May 27, 2019 Studio INI
“Are you sure this is safe?” I ask as I clamber onto an elevated strip of metal, flanked by vertical rods lined up like pointy sentinels along either side. But before I receive an answer, the weight of my body causes the platform to drop sharply – an action that triggers the rods to splay outward, as if an invisible field around me has pushed them away, and speeds my heart rate to double pace.
What I’ve stepped on is a full-scale prototype of Disobedience, created by design engineer Nassia Inglessis and her team at Studio INI, during a visit to their subterranean workspace at London’s Somerset House. The way my weight depressed the platform was entirely intentional, demonstrating how – like with many of the studio’s projects – the human body can influence the world around it, rather than the other way around.
In its final form, the Disobedience installation comprises a 17-meter-long kinetic wall, which was installed in the Somerset House courtyard as the Greek pavilion for the 2018 London Design Biennale. Visitors could walk through its center, and experience the two sides undulating around them as their footsteps altered the steel spring mechanism hidden below.
“I see installations a bit like an informal platform for experimentation,” said Inglessis, speaking meters from her latest project, Urban Imprint, as final touches are being made to the installation back at A/D/O in New York. “Each installation, I learn from how people interact with it.”
Disobedience, Urban Imprint and many of Studio INI’s earlier projects share a combination of interaction, spatial and material manipulation, and a dash of wonder. They all form part of Inglessis’ research into cognitive perception – the way we deal with information – and inform a human-centric approach to design, which began early in her career.
Inglessis was born in London to Greek parents, and grew up in Greece, but returned to the UK for her higher education. She originally studied engineering at Oxford University, where she enjoyed the “rigor of research,” but eventually wanted to apply her findings to real-world scenarios.
So she enrolled at London’s Royal College of Art, and concurrently set up Studio INI in the bowels of Somerset House. It was here that she created her first installation, Spine, which demonstrates how electrical currents move down the spinal cord using a chain of programmed lights.
At the invitation of designer and researcher Neri Oxman, Inglessis then joined the Mediated Matter group at the MIT Media Lab. Here, she worked on projects from 3D-printing glass at an architectural scale, to programming swarms of “fiberbots” to wrap fiberglass around themselves as a form of digital fabrication.
“MIT Media Lab was where my two worlds came together – that of engineering and design, and even of art,” Inglessis said. “It gave me so much optimism, that there was a true dialogue between the scientist and the designer… There’s appreciation on both sides and there’s eagerness for one to collaborate with the other.”
But in general, she felt that too much effort and emphasis was being put into trying to “simulate or replicate the real world in the digital world” – through technologies like virtual and augmented reality – when perhaps the focus should be on exploring ways to heighten experiences in our current surroundings.

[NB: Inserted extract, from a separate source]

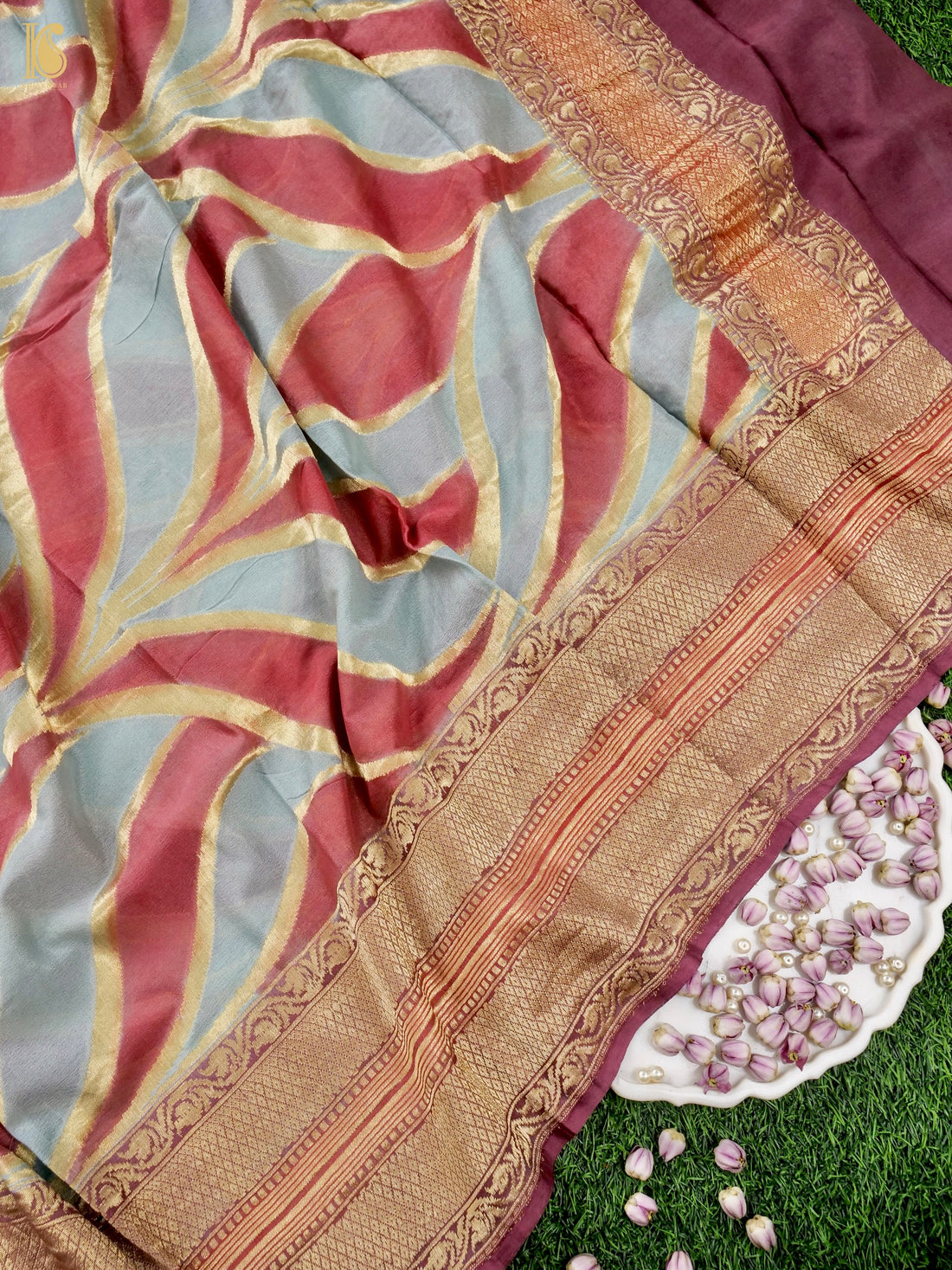 Georgette Handloom Banarasi Dupatta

“I never felt that we are going straight into living in a headset,” said Inglessis. “I feel very much the need to think about it differently. Yes, we’re making leaps and bounds in the intangible world and the world of simulation. But physical designs remain, in many ways, quite static.”
This led to the development of a body of work that Studio INI describes as augmented materiality. The team uses digital tools and computation to help improve and accentuate analog materials and systems, in turn aiming to elevate sensorial experiences for those who come into contact with them.
“It’s not an augmented reality; it’s not a virtual reality,” said Inglessis. “It’s the idea that computation and digital fabrication can open up new capacity about how we make things; how we design physical systems; how we combine traditional mechanisms, like pulleys and gears, with new combinations of materials.”
With Urban Imprint, this involves a complex composition of springs, cables and pulleys – all disguised by a floor and ceiling made from a malleable concrete-rubber mesh, which pulls apart under compression or tension. As a visitor’s weight pushes down the floor, the ceiling expands upwards, creating a cocoon around the body as it moves through the space.
Other Studio INI experiments have included pneumatic manipulations of molten glass via hand sensors, and molding plastic over ropes to form a chair. Exploring the properties and limits of materials, and then pushing them using digital tools, has become a key component in the studio’s projects. But the driving force of Inglessis’ work is understanding how people can stretch the limits and boundaries of her projects, sometimes in completely unexpected ways, even further.
“I see my practice as an experimental design studio, which has research at its core,” she said. “Everything I design won’t start with a form, or even a material or a technique. It will start with an experience.”
When Urban Imprint opens May 17, 2019, the experience that visitors will encounter will be similar to the exciting and slightly unnerving sensations I had when testing the Disobedience prototype. Sensations created by realizing your body is causing the space around you to transform, combined with the uncertainty of how exactly that is happening. And it’s not until people are part of the structure, according to Inglessis, that this “augmented materiality” will take on its final form.